NRE (Non-Resident External) FDs are funded only from foreign-source income, both principal and interest are freely repatriable to your source country, and the interest is fully tax-free in India under the Income Tax Act + FEMA. NRO (Non-Resident Ordinary) FDs are funded from Indian-source income like rent or dividends, interest is taxable in India at 30% (plus surcharge and cess) deducted at source, and repatriation is capped at USD 1 million per financial year. Most NRIs hold both — NRE for offshore savings, NRO for India-sourced cashflows.

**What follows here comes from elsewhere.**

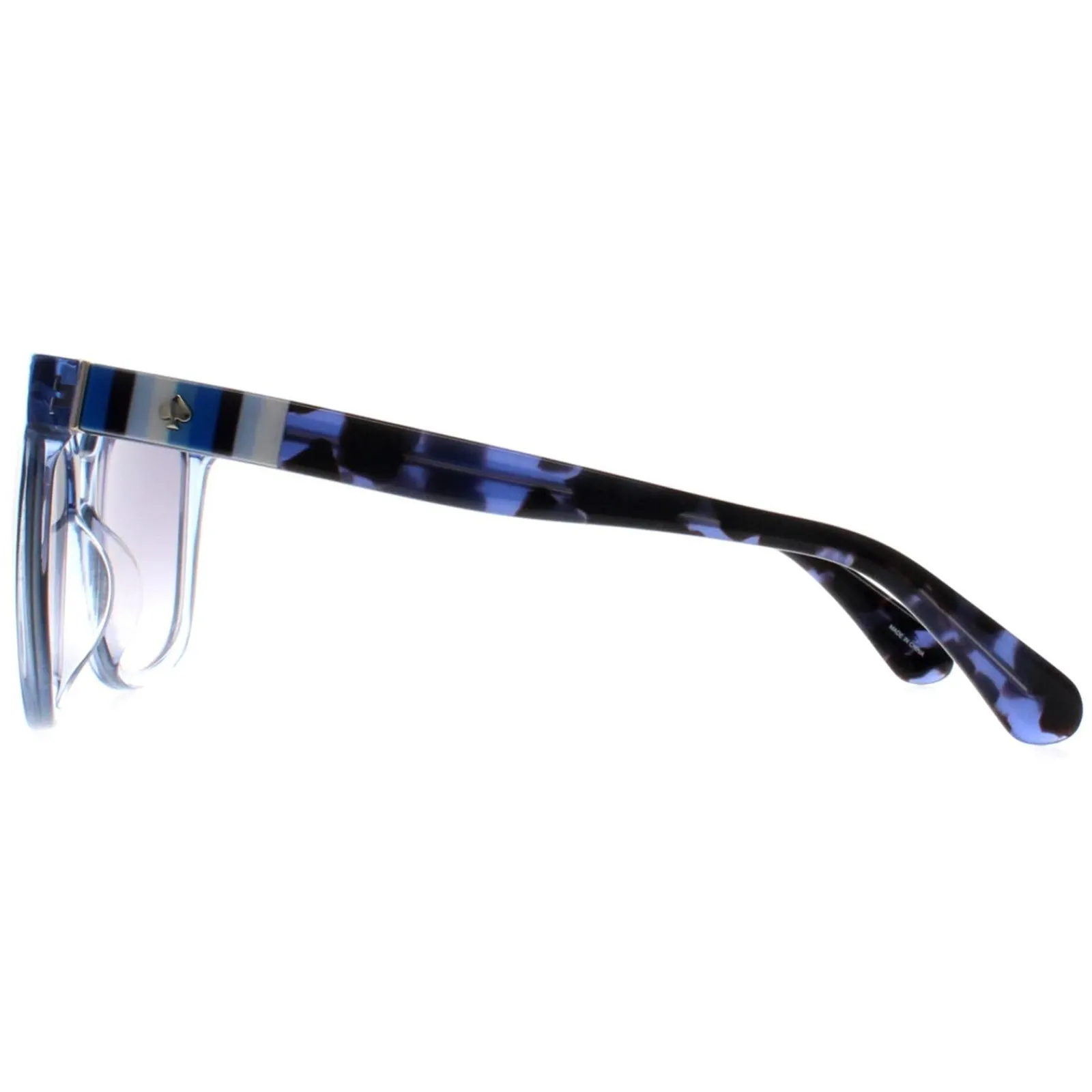Kate Spade Square^Sunglasses Kiya/S PJP IC Blue Gray Gradient Silver Mirror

They offer higher rates than bank FDs (typically 100–200 bps premium) because they're not covered by DICGC's ₹5 lakh per-bank insurance. Your only protection is the issuer's credit rating from CRISIL, CARE, or ICRA — look for AAA or AA. Sticking to top-rated NBFCs (HDFC Ltd, Bajaj Finance, LIC Housing Finance, Mahindra Finance, Shriram Finance) keeps default risk low historically, but it's not zero. Never put more than 10–15% of FD allocation into NBFC FDs even if the rate looks attractive.

Regular FD for general lump-sum parking. Tax-saver FD only if you actually need the Section 80C slot (₹1.5L total across 80C is small if you're already maxing it on ELSS / PPF / EPF / home-loan principal). Senior-citizen FD if you qualify by age — always pick it over the regular variant. Flexi for the cash buffer above your monthly expenses. Monthly-income FD for retirees who want predictable monthly cashflow from a corpus. NRE for NRIs with offshore income. NRO for NRIs receiving Indian-source income. Corporate / NBFC FD for a small high-return slice with rated issuers — never your full allocation.